(EXERCISE DESCRIPTION): Only an exact repetition of the lines from the one holding "The right pointer" to the end of the data is wanted, with pictures left out.

(INFORMATION PROVIDED):
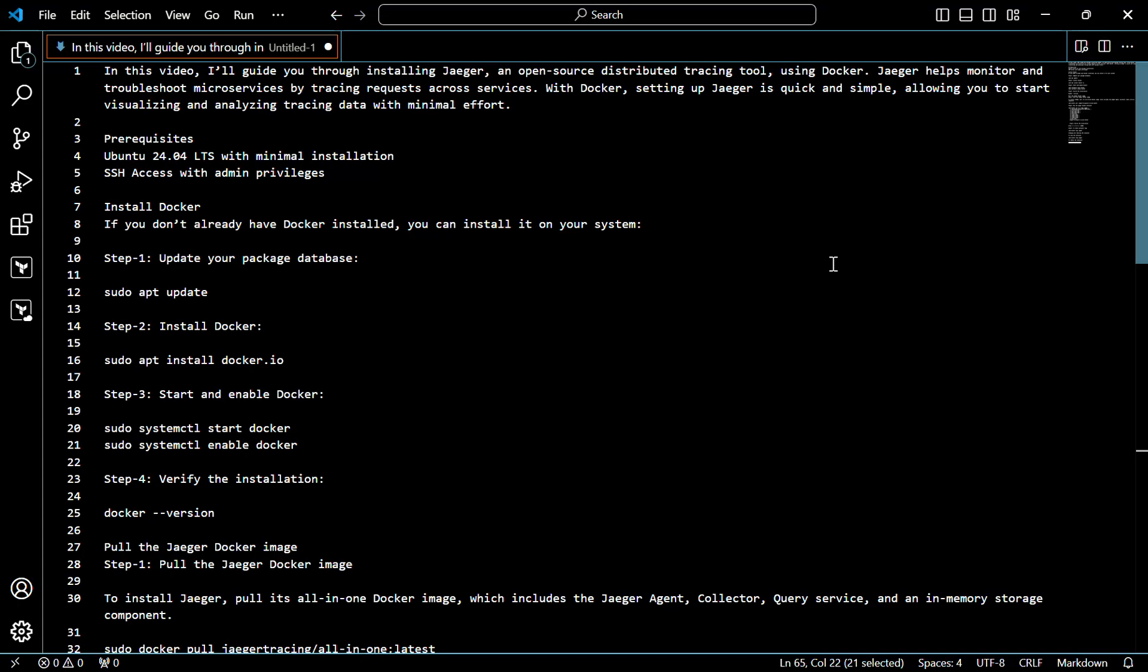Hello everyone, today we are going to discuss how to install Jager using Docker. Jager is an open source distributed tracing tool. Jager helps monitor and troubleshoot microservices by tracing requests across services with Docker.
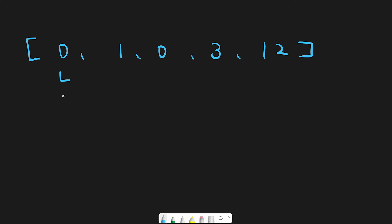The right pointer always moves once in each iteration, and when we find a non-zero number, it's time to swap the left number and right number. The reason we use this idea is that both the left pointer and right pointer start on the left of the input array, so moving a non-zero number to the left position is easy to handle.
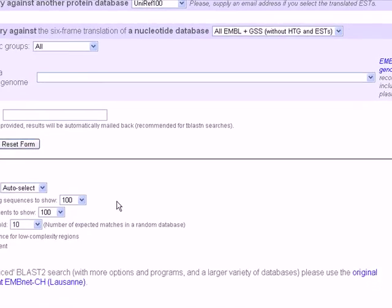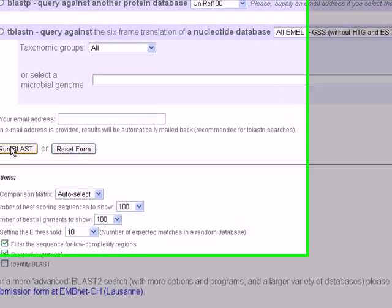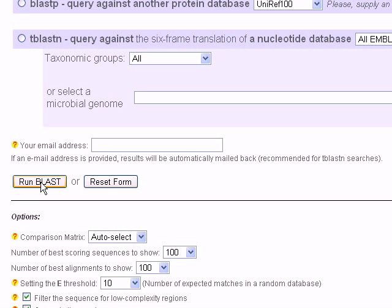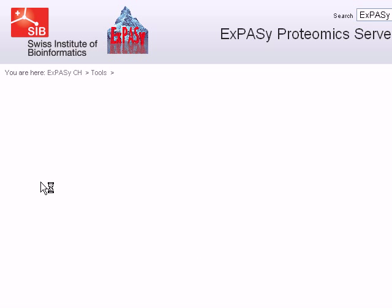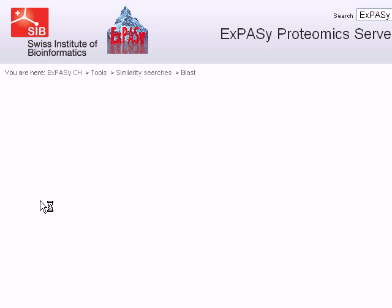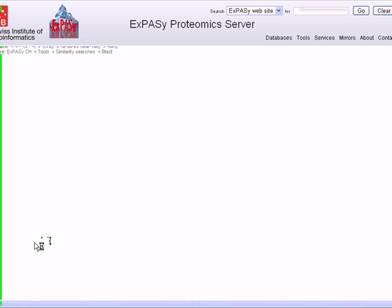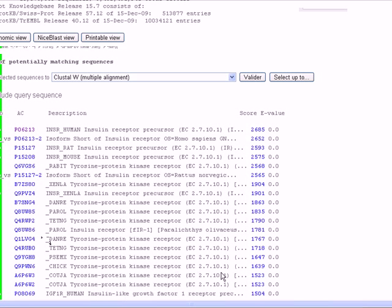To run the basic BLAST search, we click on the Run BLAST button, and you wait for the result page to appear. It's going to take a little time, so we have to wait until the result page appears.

(THE ANSWER):
The right pointer always moves once in each iteration, and when we find a non-zero number, it's time to swap the left number and right number. The reason we use this idea is that both the left pointer and right pointer start on the left of the input array, so moving a non-zero number to the left position is easy to handle.
To run the basic BLAST search, we click on the Run BLAST button, and you wait for the result page to appear. It's going to take a little time, so we have to wait until the result page appears.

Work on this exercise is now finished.